The record returned is the one which offers the lowest latency. If combined
with health checks and it fails, the next lowest latency is returned instead.
This routing policy is used for optimizing performance and user experience.

- **Geolocation**: With Geolocation records are tagged with location information.
When clients make requests to resolve a name an IP check verifies their location.
Records will first be matched based on US state if applicable.
If this does not happen, they will be checked based on country. If no country
is matched, they will be checked based on continent. Finally, if nothing matches again
the default response will be returned. This routing policy can be used for licensing
rights, regional restrictions, language specific content or load balancing across
regional endpoints. If overlapping regions occur, the priority will always go to the
most specific or smallest region. Geolocation doesnt't return "closest" records,
only relevant location ones.

- **Geoproximity**: It lets R53 route traffic to your resources based on the geographic
location of your users and your resources. Records can be tagged with an AWS Region
or latitude and longitude coordinates. Unlike Geolocation, routing is based on
distance. An optional bias can be added to increase or decrease region size and
influence routing decisions.

- **Multi Value**: It supports multiple records with the same name and each of
these can have an associated health check. R53 using this routing policy will
respond to queries with up to 8 healthy records. If more exist, 8 will be randomly
selected. Client then chooses and uses 1 value.
Any record which fails health checks won't be returned when queried.
This removes the problem with Simple Routing where a single unhealthy record can
make it through to your customers. Great alternative to Simple Routing when
you need to improve availability, and it's an alternative to failover
when you have more than two records to respond with, but don't want
the complexity or the overhead of weighted routing.

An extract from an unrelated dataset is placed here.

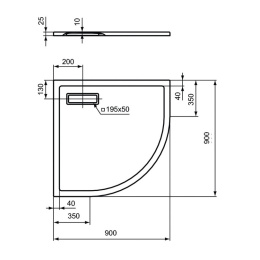 Поддон душевой Ideal Standart Ultra Flat New T449201 90 x 90 см ультратонкий, четверть круга, белый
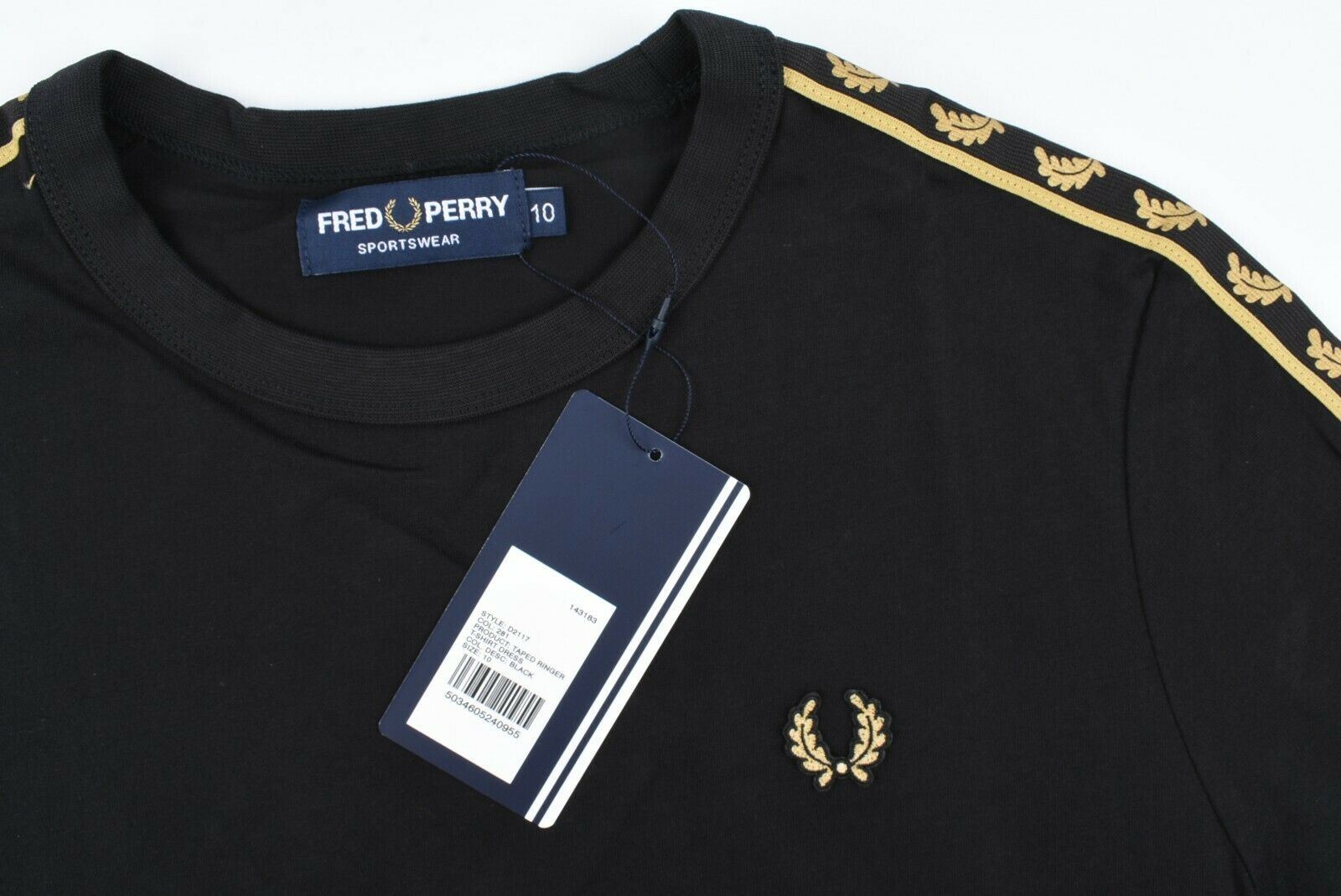 FRED PERRY Women's Taped Ringer T-shirt Dress, Black - size UK 10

### 1.9.6. Route 53 Interoperability

R53 can act as a Domain Registrar and/or Domain Hosting.

When acting as both roles, it first accepts an annual fee to register a domain.
R53 Domain Registrar then liases with R53 Domain Hosting and a public hosted zone is
created, which allocates 4 Name Servers (NS) to host that zone for a monthly fee.
These NS are later returned to the Registrar, which passes them along to the TLD
Registry. An entry for the registered domain is then added in the Registry using NS
delegation records pointing at those 4 NS making the domain to become active in the
public DNS system.

When acting as a Registrar only, the domain is registered via R53 but the NS records
are set to externally hosted NS. This architecture is rarely used.

When acting as a Domain Hosting only, a third-party Domain Registrar registers
the domain and communicates with the TLD Registry, while R53 allocates and host NS.